Unionville Historic Commission Sets Five Priorities for 2026, Welcomes New Liaison Bill Beckert
Nine months after The Farmington Mercury reported the Unionville Historic District and Properties Commission was "facing a commissioner exodus", two alternate seats remain vacant. The Commission has filled exactly one seat since: Christine joined as a newly appointed member at its December 4, 2025 meeting. The Town Council, by its newly-introduced liaison's own description, is "working diligently" to fix the rest.
That liaison is Town Council member Bill Beckert, the District 2 Democrat sworn in November 2025. Thursday's meeting — the Commission's first official session of 2026, more than five months after its last meeting on December 4, 2025 — was Beckert's first turn in the liaison chair. Chair Lisa Johnson welcomed him. Beckert then said the part most local boards have been hearing all spring out loud:
"I know that the council is looking for, you know, there's a lot of empty appointments, not just here, but quite a few town boards. And we're working diligently to come up with filling all those spots. So I will make sure that I bring this to our town chair's attention at our meeting on Tuesday night, that we are looking to make sure our membership is filled out."
Two alternate seats. One Commission. One year of recruitment effort. The Council's next regular meeting is Tuesday.
Five Priorities for 2026-27
After the Beckert introduction, Johnson asked the Commission what its priorities for the upcoming year should be. Five surfaced over the next half-hour. Three are continuations of work the Commission has been doing for years.

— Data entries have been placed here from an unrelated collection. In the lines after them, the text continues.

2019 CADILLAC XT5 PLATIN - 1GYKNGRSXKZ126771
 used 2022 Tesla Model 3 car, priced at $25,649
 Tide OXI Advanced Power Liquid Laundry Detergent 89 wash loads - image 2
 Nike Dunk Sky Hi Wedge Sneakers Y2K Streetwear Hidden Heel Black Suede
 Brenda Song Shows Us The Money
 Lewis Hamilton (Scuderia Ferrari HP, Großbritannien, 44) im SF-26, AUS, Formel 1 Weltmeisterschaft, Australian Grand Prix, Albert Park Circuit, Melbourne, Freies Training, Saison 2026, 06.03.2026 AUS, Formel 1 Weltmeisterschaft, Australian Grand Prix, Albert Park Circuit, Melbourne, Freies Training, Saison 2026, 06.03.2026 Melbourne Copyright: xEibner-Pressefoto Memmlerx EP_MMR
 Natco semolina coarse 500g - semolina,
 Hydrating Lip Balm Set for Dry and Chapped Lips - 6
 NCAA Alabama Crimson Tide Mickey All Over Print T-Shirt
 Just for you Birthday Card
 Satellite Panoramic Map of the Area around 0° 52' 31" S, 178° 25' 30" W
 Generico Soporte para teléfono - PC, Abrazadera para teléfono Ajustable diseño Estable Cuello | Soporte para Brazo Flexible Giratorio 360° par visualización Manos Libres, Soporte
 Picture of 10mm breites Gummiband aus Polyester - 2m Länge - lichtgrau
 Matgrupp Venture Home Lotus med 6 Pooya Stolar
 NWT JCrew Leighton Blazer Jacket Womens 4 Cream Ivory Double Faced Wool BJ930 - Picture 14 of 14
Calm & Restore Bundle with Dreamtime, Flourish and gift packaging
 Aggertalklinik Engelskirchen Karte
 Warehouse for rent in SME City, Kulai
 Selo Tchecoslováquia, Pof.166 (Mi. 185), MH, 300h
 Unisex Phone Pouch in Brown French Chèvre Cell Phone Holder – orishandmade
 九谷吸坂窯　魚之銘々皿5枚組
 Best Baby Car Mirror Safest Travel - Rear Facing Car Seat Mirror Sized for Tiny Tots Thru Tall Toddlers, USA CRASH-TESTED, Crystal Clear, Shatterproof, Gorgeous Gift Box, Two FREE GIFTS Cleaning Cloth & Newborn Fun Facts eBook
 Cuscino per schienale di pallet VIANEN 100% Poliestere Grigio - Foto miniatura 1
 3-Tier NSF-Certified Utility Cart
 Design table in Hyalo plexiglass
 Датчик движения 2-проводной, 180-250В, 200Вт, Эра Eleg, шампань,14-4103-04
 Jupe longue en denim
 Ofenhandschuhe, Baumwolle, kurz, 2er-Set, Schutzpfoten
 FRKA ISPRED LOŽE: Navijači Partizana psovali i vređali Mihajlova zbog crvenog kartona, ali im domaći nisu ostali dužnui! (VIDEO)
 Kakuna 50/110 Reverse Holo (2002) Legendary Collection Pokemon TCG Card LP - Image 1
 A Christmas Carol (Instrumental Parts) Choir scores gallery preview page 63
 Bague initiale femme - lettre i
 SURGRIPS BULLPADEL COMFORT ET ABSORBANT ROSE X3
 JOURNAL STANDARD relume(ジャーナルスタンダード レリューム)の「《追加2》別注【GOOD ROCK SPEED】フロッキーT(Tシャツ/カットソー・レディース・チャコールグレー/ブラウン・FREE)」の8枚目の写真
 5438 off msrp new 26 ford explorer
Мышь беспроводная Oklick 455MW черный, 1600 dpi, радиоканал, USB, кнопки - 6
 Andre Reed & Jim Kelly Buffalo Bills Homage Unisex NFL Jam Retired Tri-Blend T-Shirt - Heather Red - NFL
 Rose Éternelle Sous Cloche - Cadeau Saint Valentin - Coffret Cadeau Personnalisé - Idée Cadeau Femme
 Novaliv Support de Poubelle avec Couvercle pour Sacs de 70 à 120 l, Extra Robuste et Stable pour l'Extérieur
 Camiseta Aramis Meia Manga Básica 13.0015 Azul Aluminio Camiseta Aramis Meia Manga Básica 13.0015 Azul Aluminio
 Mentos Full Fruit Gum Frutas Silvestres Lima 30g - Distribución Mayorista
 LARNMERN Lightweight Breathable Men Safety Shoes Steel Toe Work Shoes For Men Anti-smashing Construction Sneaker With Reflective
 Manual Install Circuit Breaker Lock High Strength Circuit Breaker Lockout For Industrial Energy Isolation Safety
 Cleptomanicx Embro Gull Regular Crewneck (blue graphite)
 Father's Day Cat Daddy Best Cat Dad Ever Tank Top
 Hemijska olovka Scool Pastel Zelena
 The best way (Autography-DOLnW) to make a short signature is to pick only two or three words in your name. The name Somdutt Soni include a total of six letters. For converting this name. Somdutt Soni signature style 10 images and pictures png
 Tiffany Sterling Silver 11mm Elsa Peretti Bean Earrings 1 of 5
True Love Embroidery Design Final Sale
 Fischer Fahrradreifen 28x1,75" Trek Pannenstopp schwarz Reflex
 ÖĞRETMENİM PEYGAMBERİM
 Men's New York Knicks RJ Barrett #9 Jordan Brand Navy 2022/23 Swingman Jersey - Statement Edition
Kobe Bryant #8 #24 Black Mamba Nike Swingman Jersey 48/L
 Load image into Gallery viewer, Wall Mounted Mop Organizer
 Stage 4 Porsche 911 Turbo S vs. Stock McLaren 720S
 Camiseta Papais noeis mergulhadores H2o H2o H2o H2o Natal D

Two are new.
Recruit new property owners — and the Vibberts at 126 Main Street are first
The Commission is currently at "43 properties, somewhere in that range," Johnson said. The protocol for adding one is unchanged from previous expansion rounds: the Commission keeps a running list of properties of interest, drafts a letter and information package, holds an educational session in spring or fall (online or in person), and then makes personal contact through whatever connections individual commissioners have.
That last step is what converts interest into application. "Most of us have connections in some way with the people we're communicating with," Johnson said. "And sometimes it works and sometimes it doesn't."
The first active candidate is John and Dana Vibbert, who live at 126 Main Street in Unionville and who have told Johnson they are interested in adding their house to the district. Johnson plans to meet with them, deliver the proper forms, and report back at the June meeting. The house has not been included in the 1980s-era historic resource surveys the town and library maintain — meaning the application will require Johnson and a co-researcher to start at the town clerk's land records and build the property history from the ground up. Christine and Secretary Barbara Marsh — described by Johnson as "our kind of historian in-house" — agreed during the meeting to do that work together at the new town clerk's office in the old high school building.
Educational sessions for the public — paused for "a couple of years"
The Commission has historically held public education sessions in the spring or fall — online or in person — to explain to property owners "what the district is all about, what it is and what it isn't," Johnson said. "We haven't done one in a couple of years." Restarting the cadence is now on the priority list.
Training for commissioners — the state stopped doing it
This is the priority with the most exasperation behind it. Connecticut's state historic preservation agency used to run trainings for local district commissioners "a couple times a year," Johnson recalled. "They were excellent. Excellent. And they don't do them anymore." The state's preservation nonprofit will occasionally run something, "but it's as if you have to wait until they've scheduled it on their calendar."
Johnson's proposed remedy was as plain as the problem.
"It may be we just need to — I hate to say it — pound on the historic commission, state historic commission, to just say, we need training. And it could be us and Farmington and the surrounding towns, if you want."
The Farmington Historic District Commission, the Commission's parallel body covering Farmington Village, has been holding regular meetings throughout the same period. A coordinated request from the two Farmington commissions plus the surrounding towns is the obvious next step.
Onboarding for new members — "brain drain from your experts"
Christine, in her second meeting, raised the priority that turned out to be the meeting's most concrete near-term proposal.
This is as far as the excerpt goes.